Ma nel 2007 l’export ha garantito ai cinesi di accumulare l’avanzo record di 262 miliardi di dollari

da Milano

Due indizi ci sono già, ora manca solo il terzo. Poi, forse, il raffreddamento della surriscaldata economia cinese (più 11,5% il Pil 2007) sarà più di una semplice ipotesi accademica. Il duplice segnale viene dall’andamento dell’export, vero cuore pulsante del Dragone, delizia per l’ex Impero celeste, croce per i Paesi occidentali: per due mesi consecutivi, novembre e dicembre, il surplus commerciale della Cina è calato, rispettivamente a 26,28 miliardi di dollari e a 22,69 miliardi, dopo aver toccato in ottobre la cifra record di 27 miliardi.
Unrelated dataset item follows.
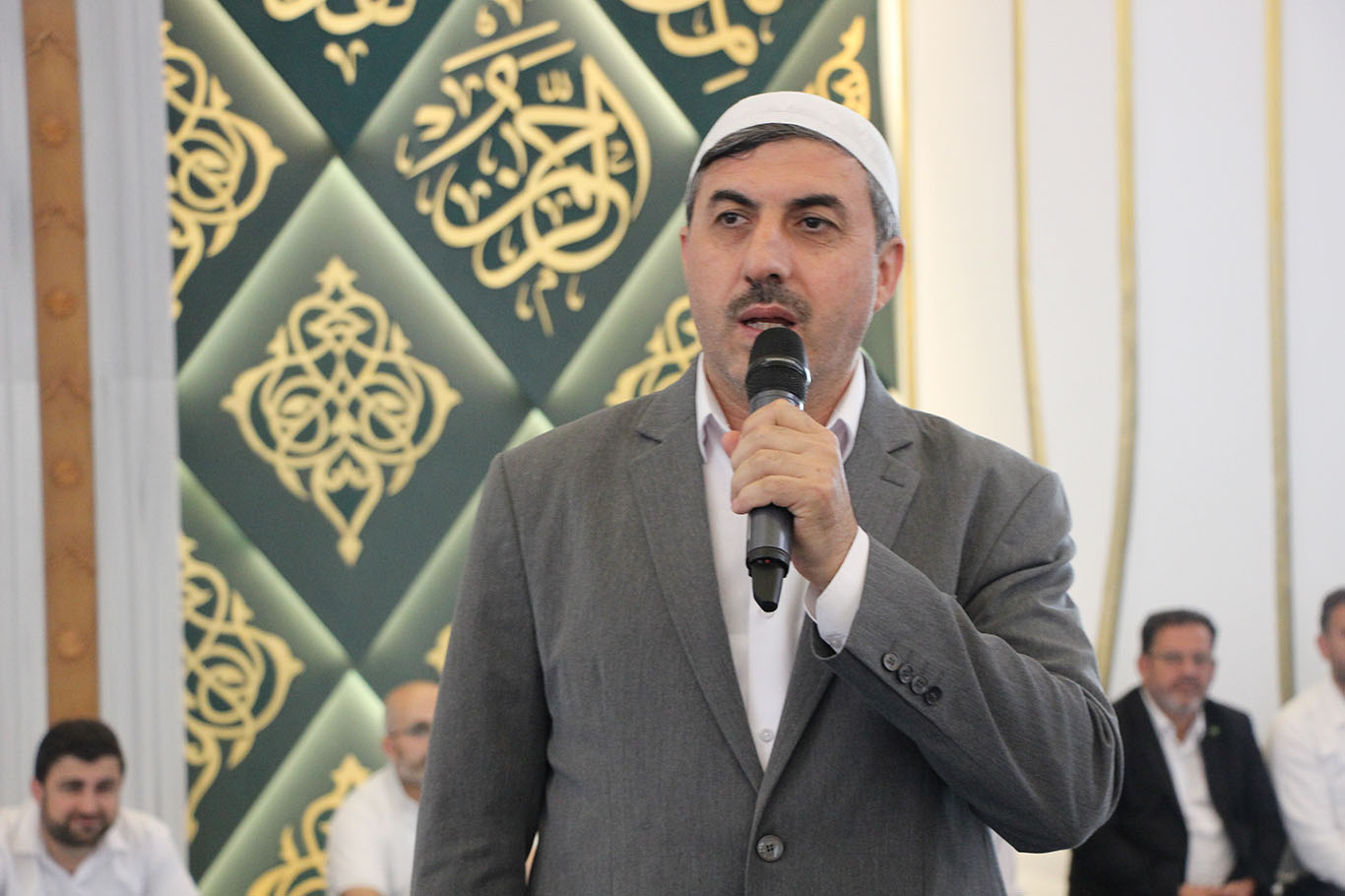Yaçin: Çocuklar camiler ve Kur'an kurslarıyla bağlarını sürdürmeli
Intendiamoci: il made in China è saldissimo e in salute, come dimostra l’attivo monstre di 262 miliardi realizzato nell’intero 2007, un dato che fa impallidire i 177,5 miliardi del 2006, non trova riscontri in nessuna parte del mondo e fornirà il destro a Usa ed Europa per richiedere un’ulteriore accelerata al processo di rivalutazione dello yuan.
Il rallentamento dell’avanzo nell’ultimo bimestre non va tuttavia sottovalutato, essendo riconducibile a cause interne, come appunto l’apprezzamento della moneta cinese, cresciuta lo scorso anno del 7% rispetto al dollaro, e il restringimento del credito imposto dalla Bank of China per frenare il tasso di sviluppo a due cifre e stemperare l’inflazione, che in novembre ha sfiorato il 7%, costringendo il governo a intervenire con il blocco delle tariffe di gasolio, gas naturale ed elettricità. Ma il passo meno svelto dell’export riflette anche la decelerazione congiunturale a livello internazionale. La Cina comincia insomma a soffrire delle minori importazioni effettuate dagli Stati Uniti e dall’Europa, i due mercati di riferimento per i prodotti cinesi. L’America ha infatti visto scendere in novembre il proprio disavanzo nei confronti di Pechino a 24 miliardi di dollari, contro i 25,9 miliardi del mese precedente, nonostante un aumento del deficit complessivo a 63,1 miliardi provocato soprattutto dagli alti prezzi del petrolio.
Insomma, i cinesi hanno tutto l’interesse che l’economia Usa eviti atterraggi bruschi. E non solo perché una parte consistente delle gigantesche riserve valutarie cinesi (1.500 miliardi di dollari alla fine dello scorso anno, il 43% in più del 2006) sono in biglietti Usa.

Lo scivolamento nella recessione si tradurrebbe automaticamente in una forte contrazione dei consumi privati statunitensi, finendo per impattare ulteriormente sulle esportazioni cinesi. Secondo alcune stime, un 1% di crescita in meno negli Usa equivale a una contrazione dell’export cinese attorno al 4%, pari a una diminuzione dello 0,5% del Pil.